There's no doubt where the 20.2MP Canon EOS 6D is aimed. With some professional features stripped, you're left with a camera finely tuned to the needs of the enthusiast.
The full frame sensor captures images that are rich in colour and tone, with JPEGs direct from camera needing only a slight tweak, if any, before they look their best.
Raw files contain plenty of detail and a wide dynamic range that enables you to pull back highlights and shadows with minimal introduction of noise, even when using higher sensitivity settings.
Although focus speeds can't match those of the Canon EOS 7D, they are by no means sluggish, with the centre point AF locking on to a target and finding focus with good accuracy even in low light conditions, especially when a top notch L series lens is used.
Outside of the centre point, AF is by no means slow, and although grouped relatively tightly around the centre of the frame, there's still a good amount of flexibility.
The Canon EOS 6D's full frame sensor gives you lots of control over depth of field, and captures plenty of detail. Canon also has a good understanding of what people like about photographs, and as a result the Canon 6D produces images with pleasing colour and contrast.
Canon's EOS Remote app is also excellent, affording a high level of control over the camera via its built-in Wi-Fi system.
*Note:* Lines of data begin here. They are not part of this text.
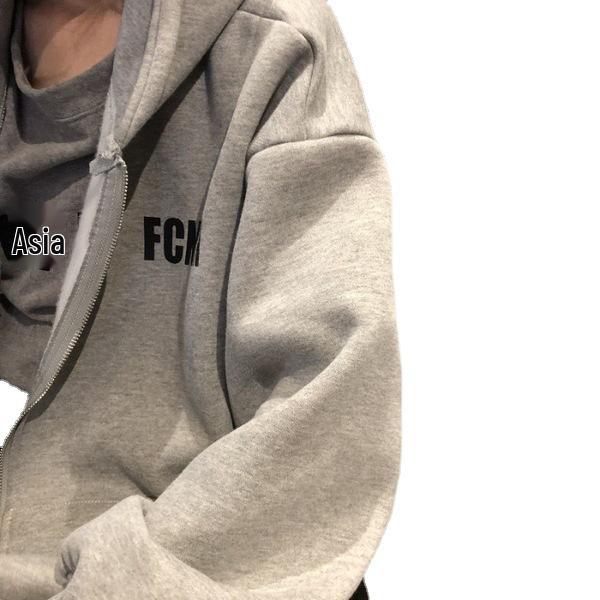 2022 Autumn/Winter Women's Korean Style Letter Print Fleece Zip-Up Hooded Cardigan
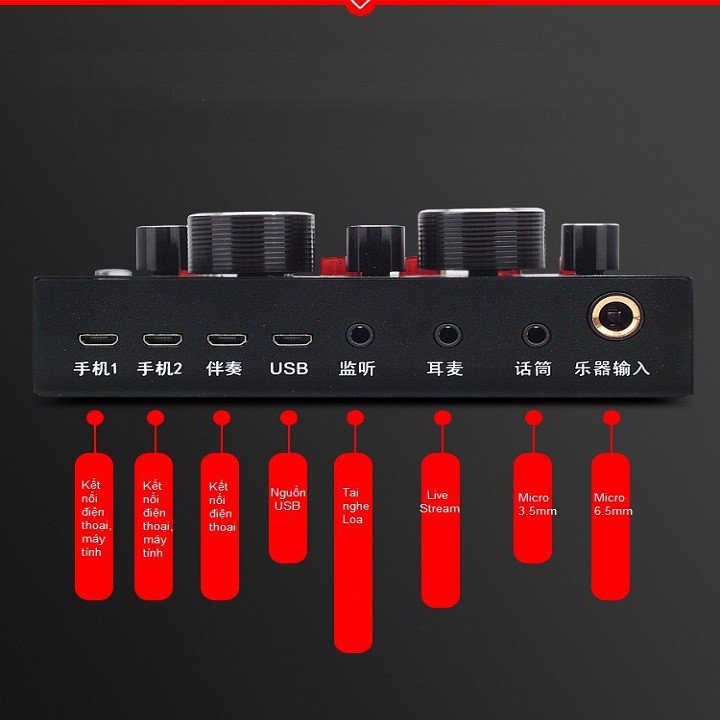 Sound Card Thu Âm Live Stream V8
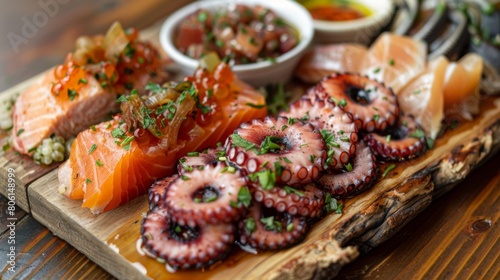A seafood antipasto platter showcasing an array of marinated octopus, grilled squid, smoked salmon, and pickled anchovies, perfect for sharing. photo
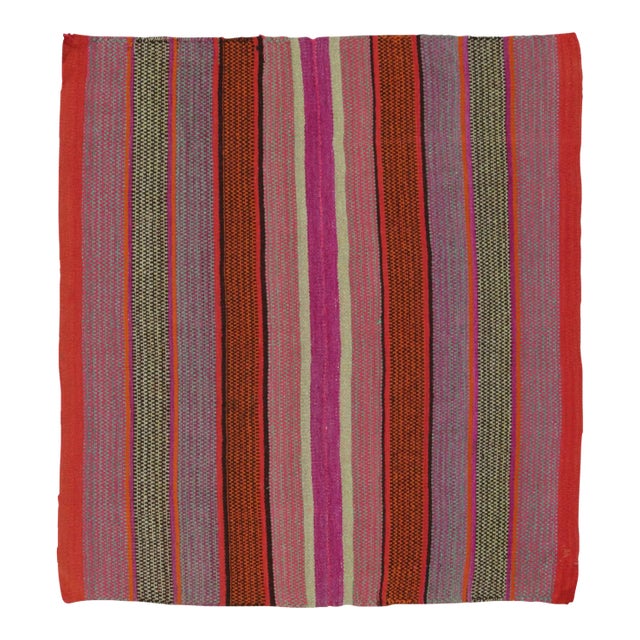 Vintage Peruvian Square Kilim, Vibrant Polychromatic Stripes - Rug & Kilim For Sale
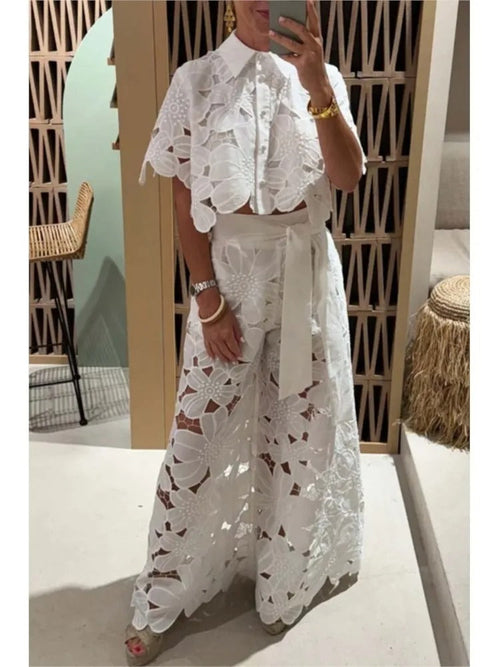 Charming Floral Cut-Out Palazzo Set
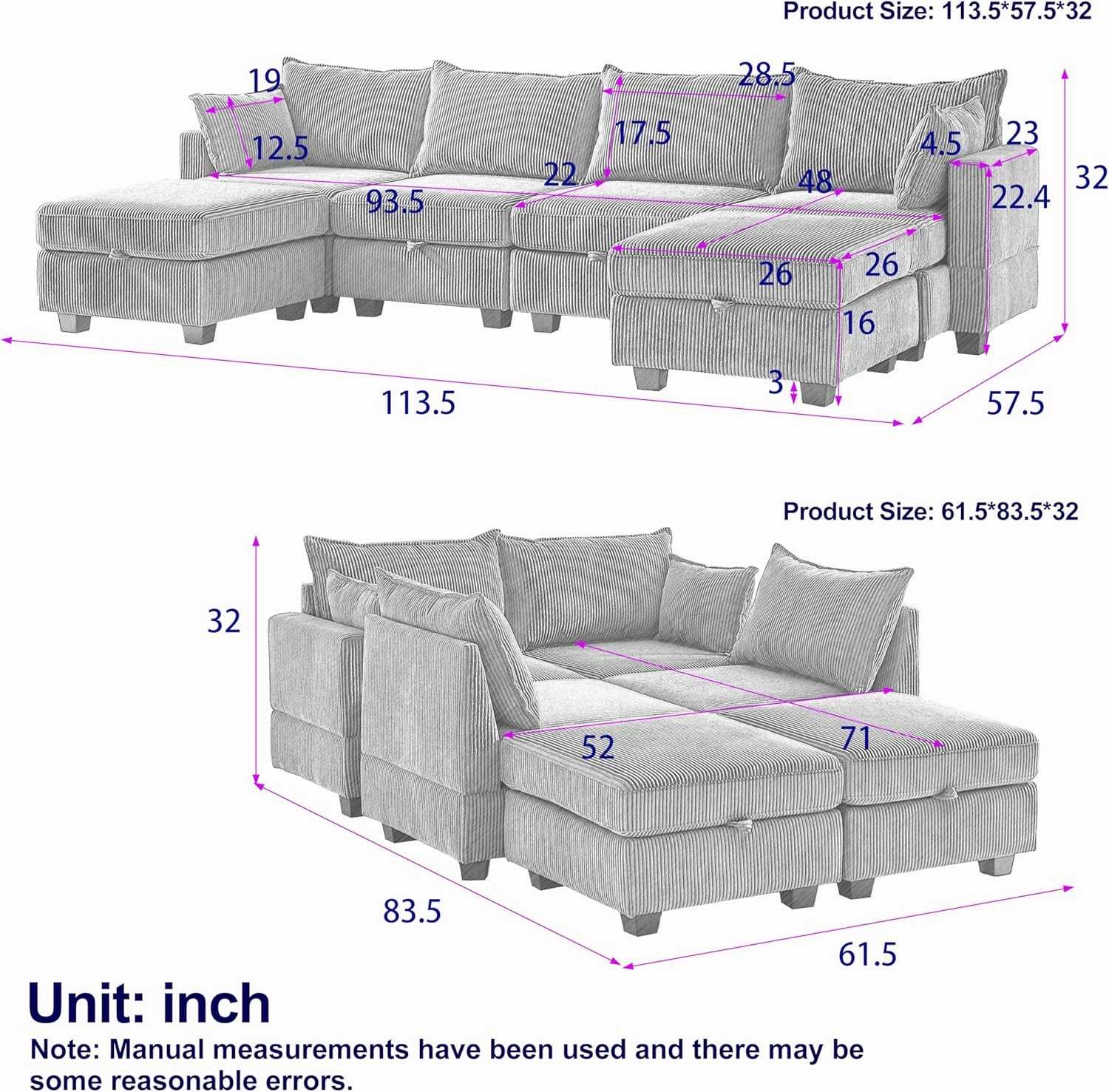 ERYE 113.5-Inch U-Shaped Modular Storage Sectional Sofa Corduroy Upholstered Free Combination 6 Seaters Sofa Couch Convertible Sleeper Couch Bed W/2 Pillows for Home Apartment Office Living Room Sets
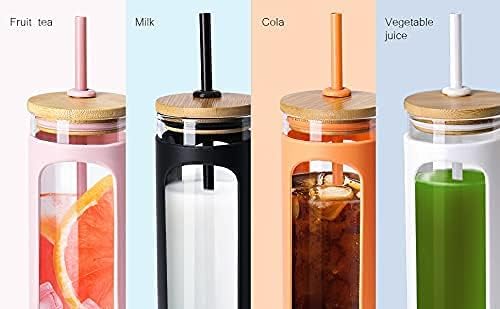 Kodrine 20oz Glass Tumbler with Straw and Lid, Iced Coffee Cups with Bamboo Lids, Glass Cups for Cold Drinks, Smoothie Cup with Silicone Sleeve for Travel, Work, BPA FREE-DaiquiriGreen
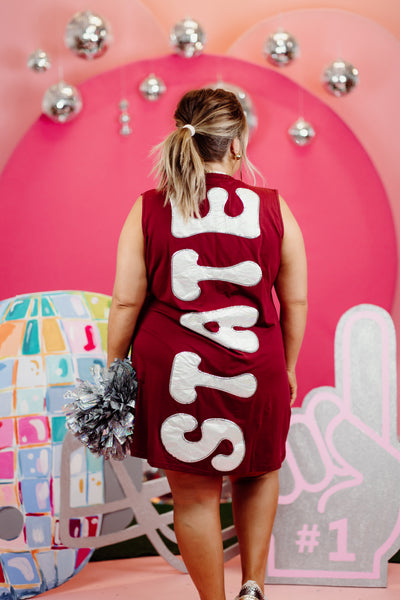 Queen Of Sparkles Maroon Iridescent 'Hail State' Tank Dress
We would have loved Canon to have given the EOS 6D an articulated screen for more convenient shooting from a range of angles, but perhaps this would have pushed the price a bit too high for comfort and, of course, smartphone users have the option to use their phone as a remote viewfinder.
As we have said before, it would be nice to be able to customise the weighting that the iFCL metering system gives to the brightness of the subject under the active AF point, because in high-contrast lighting conditions this can have a significant impact on the image. In some instances it appears to work more like centre-weighted metering than evaluative.
All things considered, the Canon EOS 6D is an excellent choice for the enthusiast and club photographer looking for a full-frame DSLR. These users will find that they have just about everything they need, and a bit more besides.
It may take them a while to get to grips with the subtleties of the camera's AF system, and they will have to remember some of the basics of metering when using the iFCL evaluative system in high contrast conditions, but they will appreciate the end results.